◆ Activity ◆
Restate the listing below word for word, and leave its pictures behind.

◆ Recorded information ◆
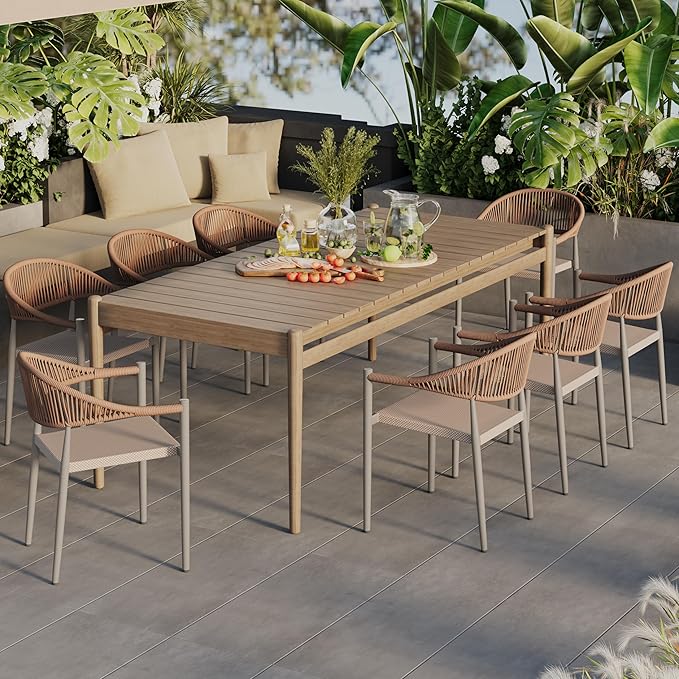 8 Pcs Stackable Patio Dining Chairs, Aluminum Rattan Outdoor Dining Chair with Arms, Woven Rope Garden Armchair Metal No Assembly for Bistro Balcony Porch Deck Yard Cafe Restaurant, Light Brown by Erotr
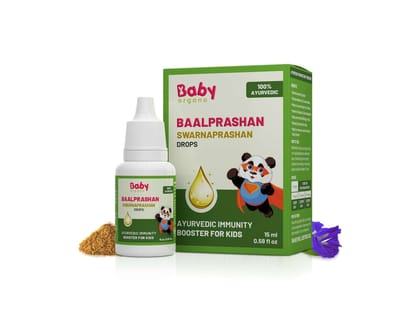 BabyOrgano Baalprashan Swarnaprashan | 24K Gold Ash | Immunity Booster Drops | Supports Growth | 100% Ayurvedic | FDCA Approved | 15ml | 0-15 Years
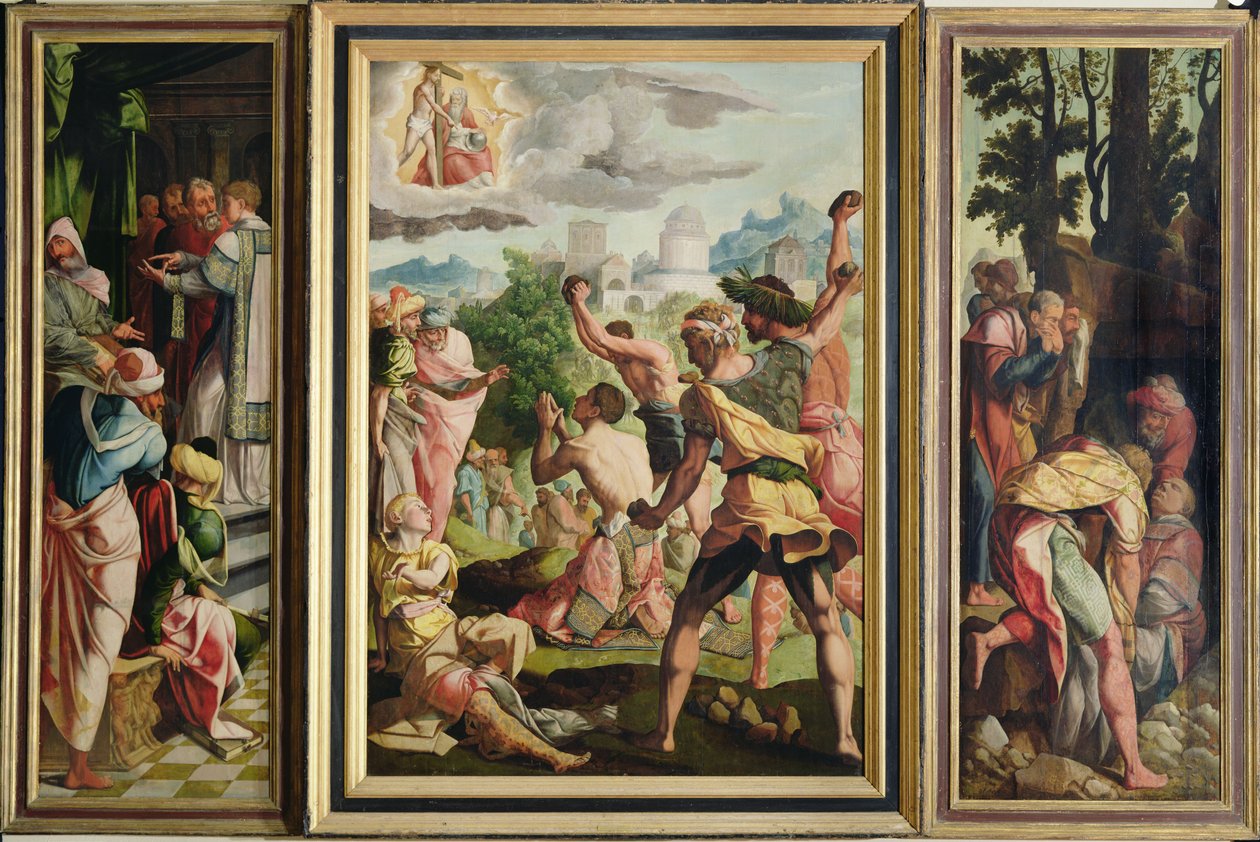 Pyhän Stefanoksen saarna, kivitys ja hautaus Pyhän Tapanin ja Pyhän Jaakob Suuren polyptyykistä, n. 1541 tekijältä Jan van Scorel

◆ Solution to the exercise ◆
 8 Pcs Stackable Patio Dining Chairs, Aluminum Rattan Outdoor Dining Chair with Arms, Woven Rope Garden Armchair Metal No Assembly for Bistro Balcony Porch Deck Yard Cafe Restaurant, Light Brown by Erotr
 BabyOrgano Baalprashan Swarnaprashan | 24K Gold Ash | Immunity Booster Drops | Supports Growth | 100% Ayurvedic | FDCA Approved | 15ml | 0-15 Years
 Pyhän Stefanoksen saarna, kivitys ja hautaus Pyhän Tapanin ja Pyhän Jaakob Suuren polyptyykistä, n. 1541 tekijältä Jan van Scorel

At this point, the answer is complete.